Support Vector Machine
svm_radial <- train(Potability ~ ., data= wq_filterTrain, trControl=train_control, method = "svmRadial", preProcess = c("center","scale"), tuneLength = 10)
#"svmRadial" "svmLinear"
pred_svm_radial <- predict(svm_radial, wq_filterTest)
confusionMatrix(data = wq_filterTest$Potability, pred_svm_radial)
## Confusion Matrix and Statistics
##
## Reference
## Prediction 0 1
## 0 332 28
## 1 154 89
##
## Accuracy : 0.6982
## 95% CI : (0.6598, 0.7346)
## No Information Rate : 0.806
## P-Value [Acc > NIR] : 1
##
## Kappa : 0.315
##
## Mcnemar's Test P-Value : <2e-16
##
## Sensitivity : 0.6831
## Specificity : 0.7607
## Pos Pred Value : 0.9222
## Neg Pred Value : 0.3663
## Prevalence : 0.8060
## Detection Rate : 0.5506
## Detection Prevalence : 0.5970
## Balanced Accuracy : 0.7219
##
## 'Positive' Class : 0
##
Random Forest
set.seed(2021)
rf_grid <- expand.grid(mtry = seq(2,9))
model_rf <- train(Potability ~ ., data= wq_filterTrain, trControl=train_control, method="rf", tuneGrid = rf_grid)
plot(model_rf)
rf_pred <- predict(model_rf, wq_filterTest, type = "raw")

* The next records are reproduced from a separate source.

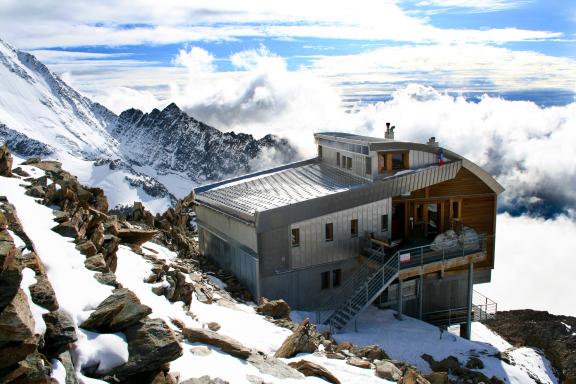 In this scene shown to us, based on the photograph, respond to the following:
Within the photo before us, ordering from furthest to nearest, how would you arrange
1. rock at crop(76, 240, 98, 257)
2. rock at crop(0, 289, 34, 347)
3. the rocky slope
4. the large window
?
the rocky slope, the large window, rock at crop(76, 240, 98, 257), rock at crop(0, 289, 34, 347)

confusionMatrix(data = wq_filterTest$Potability, rf_pred)
## Confusion Matrix and Statistics
##
## Reference
## Prediction 0 1
## 0 309 51
## 1 132 111
##
## Accuracy : 0.6965
## 95% CI : (0.6581, 0.733)
## No Information Rate : 0.7313
## P-Value [Acc > NIR] : 0.9748
##
## Kappa : 0.3332
##
## Mcnemar's Test P-Value : 3.344e-09
##
## Sensitivity : 0.7007
## Specificity : 0.6852
## Pos Pred Value : 0.8583
## Neg Pred Value : 0.4568
## Prevalence : 0.7313
## Detection Rate : 0.5124
## Detection Prevalence : 0.5970
## Balanced Accuracy : 0.6929
##
## 'Positive' Class : 0
##
Variable importance is worthwhile to look at and see if we need to select a subset of features.

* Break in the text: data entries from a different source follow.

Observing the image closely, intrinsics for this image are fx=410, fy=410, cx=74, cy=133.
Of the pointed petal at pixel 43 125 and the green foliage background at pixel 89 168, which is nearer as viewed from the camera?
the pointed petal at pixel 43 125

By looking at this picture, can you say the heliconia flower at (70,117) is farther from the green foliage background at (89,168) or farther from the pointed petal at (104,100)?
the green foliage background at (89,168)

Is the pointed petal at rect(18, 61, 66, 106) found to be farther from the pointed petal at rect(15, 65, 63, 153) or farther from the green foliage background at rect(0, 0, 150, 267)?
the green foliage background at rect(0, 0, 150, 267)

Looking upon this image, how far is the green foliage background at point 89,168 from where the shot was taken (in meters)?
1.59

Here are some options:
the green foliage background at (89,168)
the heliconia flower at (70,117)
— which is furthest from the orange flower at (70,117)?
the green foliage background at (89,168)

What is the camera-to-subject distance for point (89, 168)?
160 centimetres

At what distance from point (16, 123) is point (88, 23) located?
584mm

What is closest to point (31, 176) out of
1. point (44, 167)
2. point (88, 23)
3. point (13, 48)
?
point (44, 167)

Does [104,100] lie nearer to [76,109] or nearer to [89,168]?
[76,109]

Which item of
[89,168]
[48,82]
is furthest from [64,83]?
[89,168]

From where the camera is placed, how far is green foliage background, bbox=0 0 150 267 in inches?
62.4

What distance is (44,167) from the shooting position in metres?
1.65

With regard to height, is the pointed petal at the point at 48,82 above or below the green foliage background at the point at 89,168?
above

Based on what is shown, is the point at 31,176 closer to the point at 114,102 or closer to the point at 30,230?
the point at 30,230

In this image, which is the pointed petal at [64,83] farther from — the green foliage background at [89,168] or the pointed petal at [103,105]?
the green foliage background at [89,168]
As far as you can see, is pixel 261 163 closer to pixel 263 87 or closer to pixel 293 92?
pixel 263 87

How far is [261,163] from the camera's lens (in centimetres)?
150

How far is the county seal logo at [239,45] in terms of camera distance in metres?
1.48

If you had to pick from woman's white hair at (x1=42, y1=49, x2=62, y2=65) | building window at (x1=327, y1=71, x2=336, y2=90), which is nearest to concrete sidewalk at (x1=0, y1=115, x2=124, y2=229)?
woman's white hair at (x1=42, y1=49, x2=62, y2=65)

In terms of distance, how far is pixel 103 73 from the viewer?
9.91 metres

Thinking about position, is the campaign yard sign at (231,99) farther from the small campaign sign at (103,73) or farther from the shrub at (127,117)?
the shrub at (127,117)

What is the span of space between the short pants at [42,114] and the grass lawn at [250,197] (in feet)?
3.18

gbmImp <- varImp(model_rf, scale = FALSE)
plot(gbmImp)
Let’s try to choose ph
, Sulfate
, Hardness
and Chloramines
as features to train and see if the random forest model would be better.
set.seed(2021)
rf_grid_subset <- expand.grid(mtry = seq(2,4))

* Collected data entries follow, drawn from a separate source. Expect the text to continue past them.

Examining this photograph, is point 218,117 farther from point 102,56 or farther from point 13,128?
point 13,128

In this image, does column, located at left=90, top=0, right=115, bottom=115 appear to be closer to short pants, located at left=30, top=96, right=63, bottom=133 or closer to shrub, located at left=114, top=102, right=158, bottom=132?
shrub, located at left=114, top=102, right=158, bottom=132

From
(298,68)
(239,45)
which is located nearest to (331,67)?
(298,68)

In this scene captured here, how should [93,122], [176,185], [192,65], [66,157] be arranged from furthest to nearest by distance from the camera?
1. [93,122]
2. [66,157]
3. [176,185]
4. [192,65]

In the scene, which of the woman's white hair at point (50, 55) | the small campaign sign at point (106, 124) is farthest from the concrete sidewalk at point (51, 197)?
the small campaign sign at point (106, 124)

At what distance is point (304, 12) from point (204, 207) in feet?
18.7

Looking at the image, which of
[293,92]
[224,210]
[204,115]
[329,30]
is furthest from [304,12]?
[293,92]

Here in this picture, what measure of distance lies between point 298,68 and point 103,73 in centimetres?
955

model_rf_subset <- train(Potability ~ ph + Sulfate + Hardness + Chloramines, data= wq_filterTrain, trControl=train_control, method="rf", tuneGrid = rf_grid_subset)
plot(model_rf_subset)
rf_pred_subset <- predict(model_rf_subset, wq_filterTest, type = "raw")
confusionMatrix(data = wq_filterTest$Potability, rf_pred_subset)
## Confusion Matrix and Statistics
##
## Reference
## Prediction 0 1
## 0 289 71
## 1 124 119
##
## Accuracy : 0.6766
## 95% CI : (0.6377, 0.7138)
## No Information Rate : 0.6849
## P-Value [Acc > NIR] : 0.6865982
##
## Kappa : 0.3032
##
## Mcnemar's Test P-Value : 0.0001962
##
## Sensitivity : 0.6998
## Specificity : 0.6263
## Pos Pred Value : 0.8028
## Neg Pred Value : 0.4897
## Prevalence : 0.6849
## Detection Rate : 0.4793
## Detection Prevalence : 0.5970
## Balanced Accuracy : 0.6630
##
## 'Positive' Class : 0
##
It turned out that the subset of features being fed into the random forest model gave us some slightly worse results than the random forest model with the full set of features.
Conclusion
In terms of prediction accuracy, none of the algorithms we tried have stood out, and all of the accuracies are below 70%. Random forest seems like to perform the best, but it is only slightly better than svm with the radial kernel. In order to improve the performance, there are two parts we can do. One is to continue to use the current algorithms, but parameters should be tuned further. The other one is to use a more complicated machine learning algorithm such as neural network to train and test the dataset.